Rynek mocy wesprze rozwój 

Jak skomentował decyzję KE minister energii Krzysztof Tchórzewski, rynek mocy gwarantuje realizację polskich ambicji rozwojowych, które nierozerwalnie łączą się ze wzrostem zużycia energii elektrycznej na mieszkańca.

"Jeżeli w życiu codziennych chcemy się czuć jak mieszkańcy Europy Zachodniej, to oznacza wzrost zużycia energii elektrycznej o 30-40 proc. w ciągu najbliższych kilkunastu lat, a na pewno o 25 proc. do 2030 r. I rynek mocy to gwarantuje" – powiedział szef resortu energii.

Dodał, że dzięki temu będzie się opłacało budować elektrownie konwencjonalne – nie tylko węglowe, ale i gazowe. "Bo dziś i jednych i drugich z punktu widzenia rynku obydwu typów budować się nie opłaca" – zaznaczył.

Spadnie udział węgla

Tchórzewski przypomniał, że w negocjacjach z KE rząd stał na stanowisku, że udział węgla w produkcji energii elektrycznej spadnie do roku 2050 do poziomu 50 proc.

"Uznaliśmy, że to granica możliwa ekonomicznie. Dziś węgiel to 70 proc., a biorąc pod uwagę również produkcję ciepła to ponad 80 proc.
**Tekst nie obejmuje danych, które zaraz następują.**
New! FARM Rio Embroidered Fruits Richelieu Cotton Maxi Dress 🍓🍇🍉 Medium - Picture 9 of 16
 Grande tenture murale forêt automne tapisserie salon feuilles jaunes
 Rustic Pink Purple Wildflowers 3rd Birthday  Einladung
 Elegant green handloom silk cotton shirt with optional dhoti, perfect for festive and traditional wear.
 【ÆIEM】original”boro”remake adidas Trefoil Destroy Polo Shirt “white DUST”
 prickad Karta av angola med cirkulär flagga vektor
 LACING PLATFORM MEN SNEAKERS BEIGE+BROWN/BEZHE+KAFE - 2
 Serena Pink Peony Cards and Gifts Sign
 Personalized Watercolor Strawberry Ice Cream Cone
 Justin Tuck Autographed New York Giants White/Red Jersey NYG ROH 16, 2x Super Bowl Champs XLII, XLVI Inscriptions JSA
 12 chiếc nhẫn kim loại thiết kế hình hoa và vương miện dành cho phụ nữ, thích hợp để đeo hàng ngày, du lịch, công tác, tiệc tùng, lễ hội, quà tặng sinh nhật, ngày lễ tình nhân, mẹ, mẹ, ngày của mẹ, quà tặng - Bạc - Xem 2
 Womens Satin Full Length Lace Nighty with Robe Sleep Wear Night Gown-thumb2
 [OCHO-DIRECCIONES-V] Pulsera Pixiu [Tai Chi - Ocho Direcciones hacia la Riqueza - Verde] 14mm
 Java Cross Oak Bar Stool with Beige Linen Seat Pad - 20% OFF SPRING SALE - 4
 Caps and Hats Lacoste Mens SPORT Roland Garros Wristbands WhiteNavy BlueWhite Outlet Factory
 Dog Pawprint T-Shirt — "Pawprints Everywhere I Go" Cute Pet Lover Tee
Zatem cel na 2050 r. to zadanie ambitne, ale uznaliśmy że jest możliwe do wykonania, biorąc pod uwagę również energetykę jądrową" – stwierdził minister.

Jak wyjaśnił, mechanizm mocowy będzie w pełni rynkowy, co oznacza, że kontrakty na dostawę mocy zawierane będą w wyniku przeprowadzenia aukcji na moc i otrzyma go ten dostawca mocy, który zaoferuje najniższą cenę za odpowiednią ilość mocy.